The New York Taxi Workers Alliance is calling for drivers to go on strike for 48 hours beginning at 5 a.m. Wednesday to protest a requirement that the city's more than 13,000 cabs have the high-tech equipment when they come up for inspection, starting Oct. 1. The alliance claims to represent about one-fifth of the Taxi & Limousine Commission's 44,000 licensed drivers.
Some cabbies fear the video systems could be used to track drivers' movements and that drivers would get stuck paying hefty fees for credit card processing.
"They are putting in all this stuff, and it's all bad," said Singh Kuldip of Jersey City, N.J., a native of India. "Well, the credit card stuff is good. But this GPS thing is bad. They will be tracking us all over."
Several other drivers' groups that represent thousands of city cab drivers have released statements opposing the strike.
Bloomberg said the group rides to the airports -- as well as other contingency plans encouraging people to use mass transit -- would go into effect after midnight Tuesday but would be canceled if the taxi commission determines that the labor action isn't having much impact.

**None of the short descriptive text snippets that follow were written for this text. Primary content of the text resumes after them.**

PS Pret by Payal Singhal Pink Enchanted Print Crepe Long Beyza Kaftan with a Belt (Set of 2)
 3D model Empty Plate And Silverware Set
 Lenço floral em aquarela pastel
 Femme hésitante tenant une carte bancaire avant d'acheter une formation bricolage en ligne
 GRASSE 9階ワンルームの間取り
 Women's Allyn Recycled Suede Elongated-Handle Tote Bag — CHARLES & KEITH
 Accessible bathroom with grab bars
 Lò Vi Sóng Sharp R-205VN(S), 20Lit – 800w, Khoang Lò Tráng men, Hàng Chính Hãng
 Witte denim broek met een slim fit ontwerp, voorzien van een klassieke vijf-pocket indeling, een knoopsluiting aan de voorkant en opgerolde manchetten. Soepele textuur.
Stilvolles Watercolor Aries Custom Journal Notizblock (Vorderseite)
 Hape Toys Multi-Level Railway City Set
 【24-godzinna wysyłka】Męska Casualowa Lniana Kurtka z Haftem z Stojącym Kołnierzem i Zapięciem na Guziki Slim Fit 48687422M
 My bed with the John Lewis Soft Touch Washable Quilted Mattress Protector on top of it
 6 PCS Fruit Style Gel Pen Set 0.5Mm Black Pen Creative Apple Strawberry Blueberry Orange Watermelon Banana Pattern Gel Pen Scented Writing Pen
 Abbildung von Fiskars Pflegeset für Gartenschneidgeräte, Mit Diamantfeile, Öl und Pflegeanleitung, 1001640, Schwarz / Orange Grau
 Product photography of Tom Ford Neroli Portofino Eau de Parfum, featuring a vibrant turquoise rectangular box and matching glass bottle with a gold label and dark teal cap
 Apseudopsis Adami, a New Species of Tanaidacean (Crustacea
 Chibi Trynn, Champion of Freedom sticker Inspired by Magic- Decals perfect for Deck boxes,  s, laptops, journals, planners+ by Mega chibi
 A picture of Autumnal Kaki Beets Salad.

Under the plan, cab drivers would be encouraged to pick up more than one passenger going to and from Kennedy and LaGuardia from Manhattan. Passengers agreeing to that option would be charged a $30 flat fare per person from Kennedy and a $20 per person fare from LaGuardia; if they declined the group ride option, normal, metered rates would apply.
For group rides within the city, each passenger would pay on a zone system -- $10 for the first zone and $5 for every additional zone they cross. Manhattan is divided into four zones.
In addition, the Metropolitan Transportation Authority, which runs the city's subways and buses, plans to provide additional service on routes to and from LaGuardia.
The New York Police Department will assign extra police officers to taxi garages and transportation hubs like Grand Central Terminal and Pennsylvania Station, and plainclothes officers will ride in some taxis.
"We are taking these steps to ensure the public safety and to guard against reprisals against cabbies who elect to drive during the planned strike," said NYPD Commissioner Raymond Kelly.
Alliance spokeswoman Bhairavi Desai said she expected "an overwhelming majority of the entire work force, not just the alliance" to walk out.
She said there had been discussions with the mayor's office but they did not resolve the issues.
The group, which is an advocacy organization, not a labor union, organized a one-day strike in 1998 that caused headaches for many residents and tourists and had city officials hustling to line up buses and vans.
Bloomberg noted that drivers had gotten two fare increases in recent years in exchange for putting the new technology in their taxis.
One driver outside Pennsylvania Station said he would work despite the strike.
"No. I can't afford two days off," said Mohammad Osman. "You have to understand, it's very hard for me."
The cabbies picked a busy week for a possible job action, with the city hosting the U.S. Open tennis tournament and New York Fashion Week and hordes of New Yorkers returning from summer vacations after Labor Day.
Some New Yorkers seemed sympathetic to the drivers' concerns.
"I can understand why they have an issue with GPS," said Chris Bungarz of Long Island as he got out of a cab at Penn Station. "But it seems their contract gave them a fare hike in exchange for it. They can't have it both ways."